Cekura Platform Onboarding

Purpose

Walk a new user through the complete Cekura setup — from account creation to their first useful artifact.

Two onboarding paths share the same Phases 1–2 (account, project, agent) and diverge after that:

Testing (default) — build evaluators (test scenarios), run them against the agent in simulation, review results. Use this for pre-deploy regression testing and "is my prompt change safe to ship?".
Observability — ingest production call logs into Cekura, attach metrics, run evaluation, and review/vote on results. Use this for "what's actually happening on live calls?".

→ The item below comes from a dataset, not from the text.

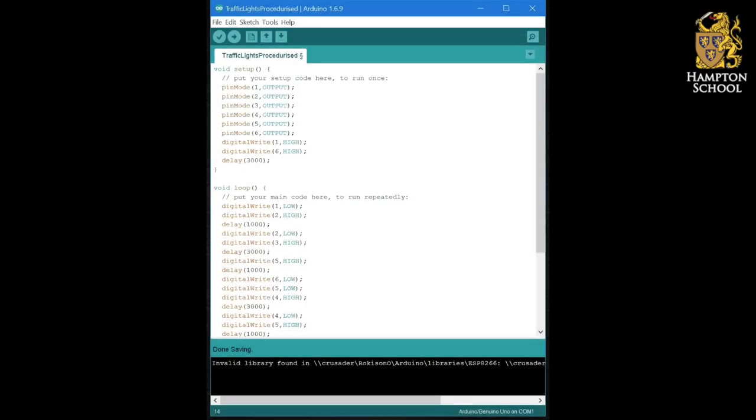Up until now we've been writing relatively simple programs, but as our programs start to get larger and more complicated, and with more and more code involved, we need to learn how to split our programs up into manageable chunks.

This is an interactive, step-by-step walkthrough. At each phase, confirm with the user before proceeding and help them with the actual API calls or UI steps.

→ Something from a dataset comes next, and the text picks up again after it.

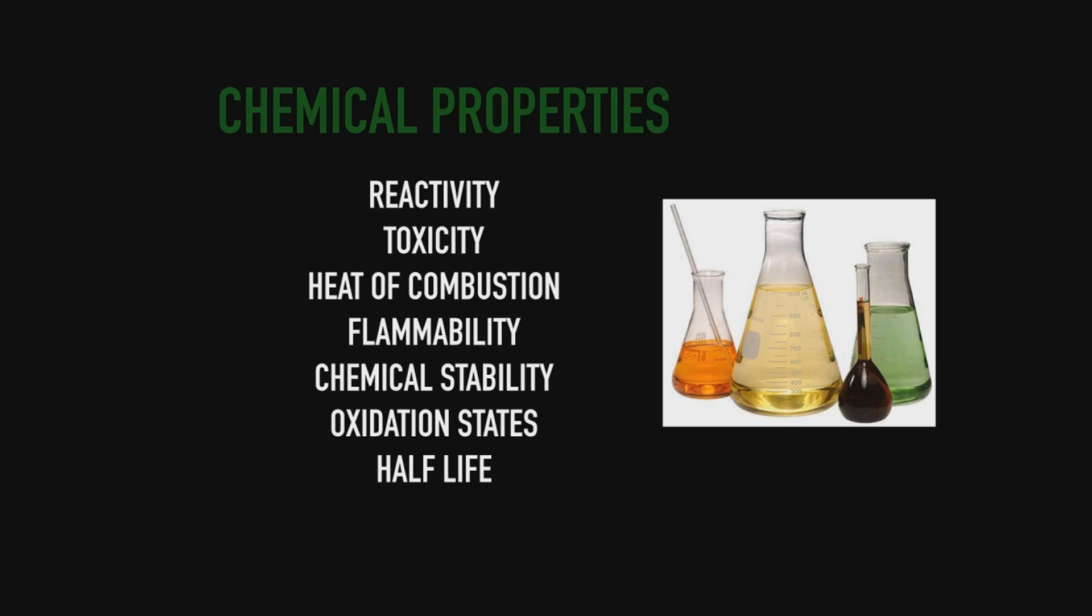All of these things with chemical properties - there are tons of chemical properties - and here the key is to remember that it is something that can only be observed if we change the structure of it.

Performing Platform Actions

When this skill suggests creating, listing, updating, or evaluating something on Cekura, prefer using available platform tools over describing API calls or dashboard steps. In Claude Code with the Cekura plugin installed, these tools are auto-configured and handle authentication, parameter validation, and error handling for you. Fall back to direct API endpoints or dashboard guidance only when no tools are available in the current session.

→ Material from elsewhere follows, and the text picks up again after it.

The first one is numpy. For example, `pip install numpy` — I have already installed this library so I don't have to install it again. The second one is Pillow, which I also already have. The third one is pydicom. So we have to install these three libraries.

Each phase below names the primary tool for that step. Actually call the tool rather than telling the user to do it in the dashboard — that's what makes the onboarding hands-on instead of a tutorial. If a call fails (validation error, missing field, auth), fix the cause or ask the user for the missing input, then retry; don't claim a step is done until the call succeeds.

Never invent IDs

Every agent ID, scenario ID, call log ID, metric ID, and run ID comes from a real tool response. If you don't have an ID you need, call the relevant list/retrieve tool and pull it from the response — do not fabricate one to keep the flow moving. This holds even when the user gives you a name ("the Booking Bot agent"): look it up and use the returned

id

. Provider-side identifiers the user must supply (VAPI assistant IDs, Retell agent IDs, API keys, webhook URLs) follow the same rule — ask the user, never guess.

How to Use This Skill

This is an interactive walkthrough, not a reference doc. Guide the user through each phase conversationally:

Confirm which path applies (Phase 0 — usually already known from how you were invoked).
Survey what already exists, so you skip completed work (State Assessment).
Use platform tools to perform actions on the user's behalf.
Validate each step before moving to the next.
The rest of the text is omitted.